During Review (code-review / receiving-code-review)

评审阶段（代码评审/接收代码评审时）

Verify these as part of every code review:

No unbounded queries or loops
No in-process state that breaks with multiple instances
Proper caching with TTL and invalidation
Async processing for non-immediate operations
Resource limits on all inputs
Performance budgets documented and met

每次代码评审都要验证以下内容：

无边界查询或循环
不存在会导致多实例运行异常的进程内状态
缓存配置合理，包含TTL和失效策略
非即时操作已做异步处理
所有输入都配置了资源限制
性能预算已明确说明且符合要求

When Modifying Existing Code

修改存量代码时

If existing code violates these rules:

You are NOT required to fix all scalability issues in unrelated code.
You ARE required to not make scalability worse.
If adding a new query to an endpoint, ensure it's indexed and paginated.
If adding a new external dependency, ensure it has timeouts and connection pooling.

如果存量代码不符合这些规则：

你不需要修复不相关代码里的所有扩展性问题
你必须保证修改后的代码不会让扩展性变得更差
如果给接口加了新的查询，要确保查询使用了索引且支持分页
如果新增了外部依赖，要确保配置了超时时间和连接池

Anti-Patterns

反模式

Pattern	Problem	Fix
In-memory sessions	Breaks with multiple instances	External session store
Unbounded queries	Memory explosion at scale	Pagination + limits
Synchronous emails	Request blocked for seconds	Queue + async worker
No connection pooling	Connection exhaustion under load	Pool with limits
Cache without TTL	Stale data forever	TTL + invalidation strategy
SELECT *	Transfers unnecessary data	Select only needed columns
Fat payloads	Network bottleneck	Paginate, compress, or stream

模式	问题	修复方案
内存内存储会话	多实例运行时异常	使用外置会话存储
无边界查询	规模化后内存溢出	分页+上限限制
同步发送邮件	请求阻塞数秒	队列+异步 worker
无连接池	高负载下连接耗尽	带上限的连接池
无TTL的缓存	数据永久过期	TTL+缓存失效策略
SELECT *	传输不必要的数据	仅查询需要的字段
超大 payload	网络瓶颈	分页、压缩或流式传输

Rationalization Prevention

避免不合理的辩解

Excuse	Reality
"We only have 100 users"	You'll have 10,000 before you know it.
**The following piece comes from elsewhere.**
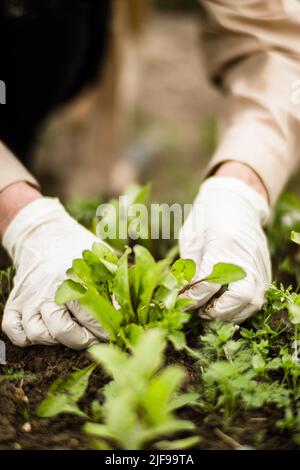 Die Hand einer Frau entfernt Unkraut. Unkrautbekämpfung und Schädlingsbekämpfung im Garten. Nahaufnahme von Kulturflächen. Landwirtschaftliche Pflanze wächst im Garten Stockfoto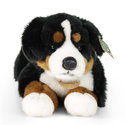 Плюшено куче Бернски зененхунд Rappa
Design now.
"We can optimize later"	Optimization is cheap. Redesigning architecture is not.
"Premature optimization"	Scalability design ≠ micro-optimization. These are architectural.
"It's fast enough on my machine"	Your machine has 1 user. Production has thousands.
"We'll add caching when we need it"	By then you'll need it urgently. Design the strategy now.
"This is just an internal tool"	Internal tools scale with the company. Design accordingly.

借口	事实
「我们现在只有100个用户」	你可能不知不觉就会有10000个用户，现在就做好设计。
「我们可以以后再优化」	优化成本很低，架构重构的成本却极高。
「这是过早优化」	扩展性设计≠微观优化，这些都是架构层面的基础要求。
「在我机器上跑的很快」	你的机器只有1个用户，生产环境有数千个用户。
「等需要的时候再加缓存就行」	等你需要的时候往往已经很紧急了，现在就把策略设计好。
「这只是个内部工具」	内部工具会跟着公司规模一起扩张，也要做对应设计。